_EXERCISE OBJECTIVE_.
Please reproduce all of the data below exactly, leaving each picture out.

BEGIN EXTRACTED DATA

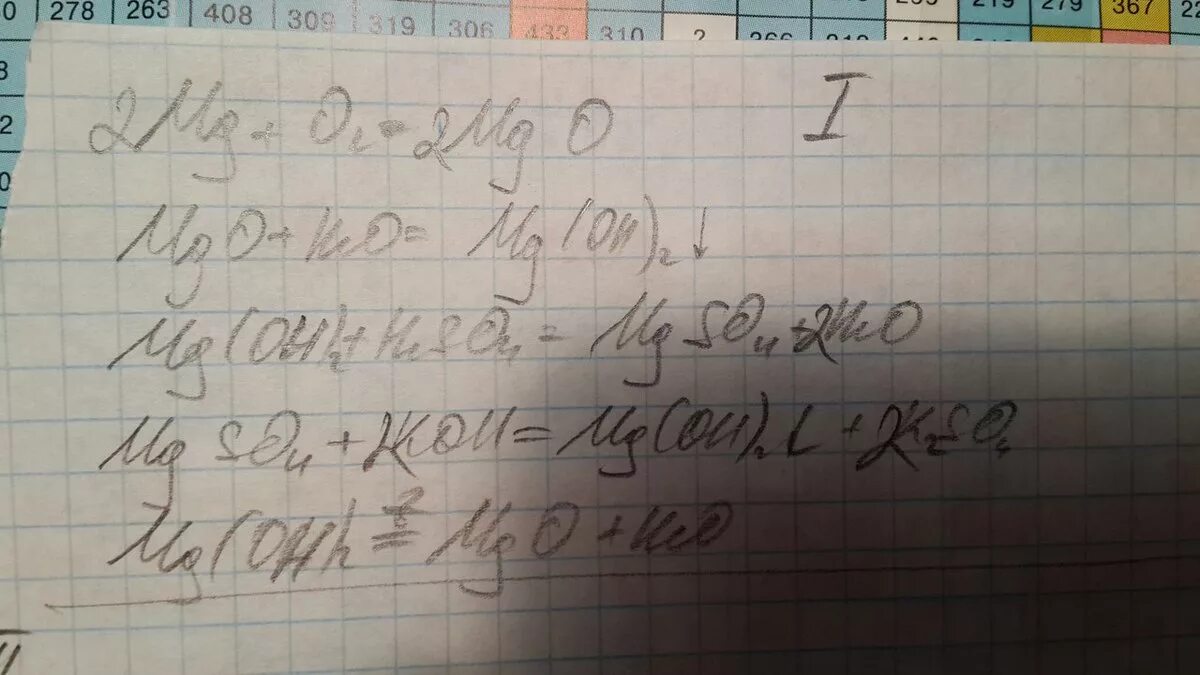 3 mgcl2 zn. MG=MGO=MG=mgcl2 цепочка превращений. Цепочка превращений MG MGO mgso4. MG Oh 2 mgso4 превращение. MGO mgso4 MG Oh 2.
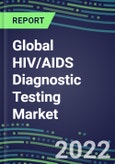2022-2026 Global HIV/AIDS Diagnostic Testing Market: US, Europe, Japan- Product Image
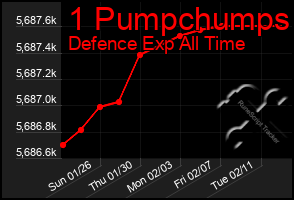 Total Graph of 1 Pumpchumps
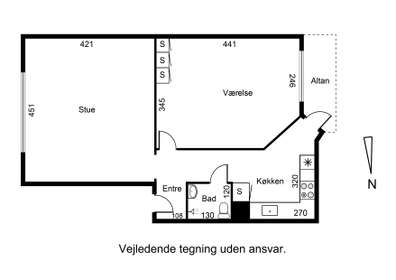 Visual presentation of the listing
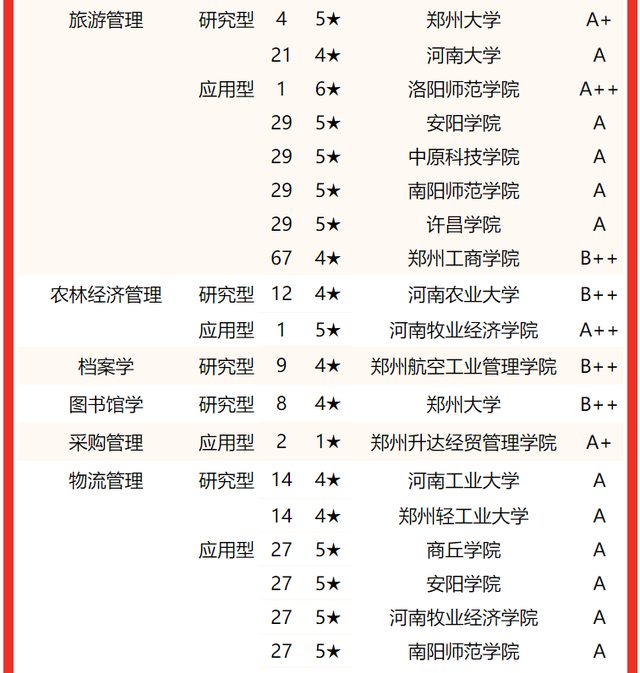 河南大学专业排名，2020河南大学专业排名（2022河南省大学专业排名）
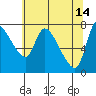 Wauna tide chart for Sunday, May 14, 2023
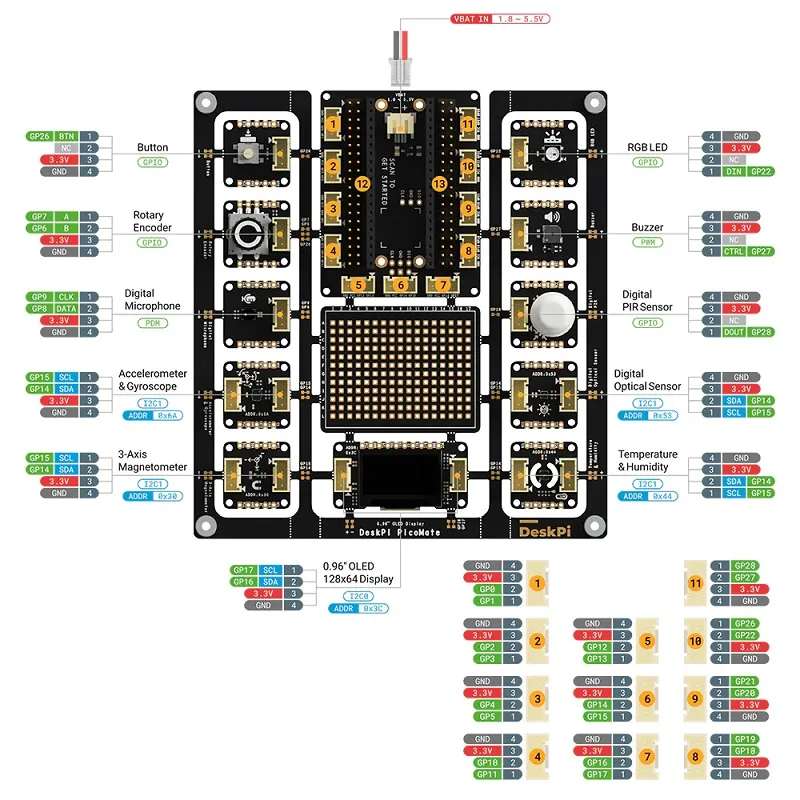 DeskPi PicoMate Prototyping Kit for Raspberry Pi Pico/W - Image 3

END EXTRACTED DATA

_REPLY TO THE EXERCISE_.
 3 mgcl2 zn. MG=MGO=MG=mgcl2 цепочка превращений. Цепочка превращений MG MGO mgso4. MG Oh 2 mgso4 превращение. MGO mgso4 MG Oh 2.
2022-2026 Global HIV/AIDS Diagnostic Testing Market: US, Europe, Japan- Product Image
 Total Graph of 1 Pumpchumps
 Visual presentation of the listing
 河南大学专业排名，2020河南大学专业排名（2022河南省大学专业排名）
 Wauna tide chart for Sunday, May 14, 2023
 DeskPi PicoMate Prototyping Kit for Raspberry Pi Pico/W - Image 3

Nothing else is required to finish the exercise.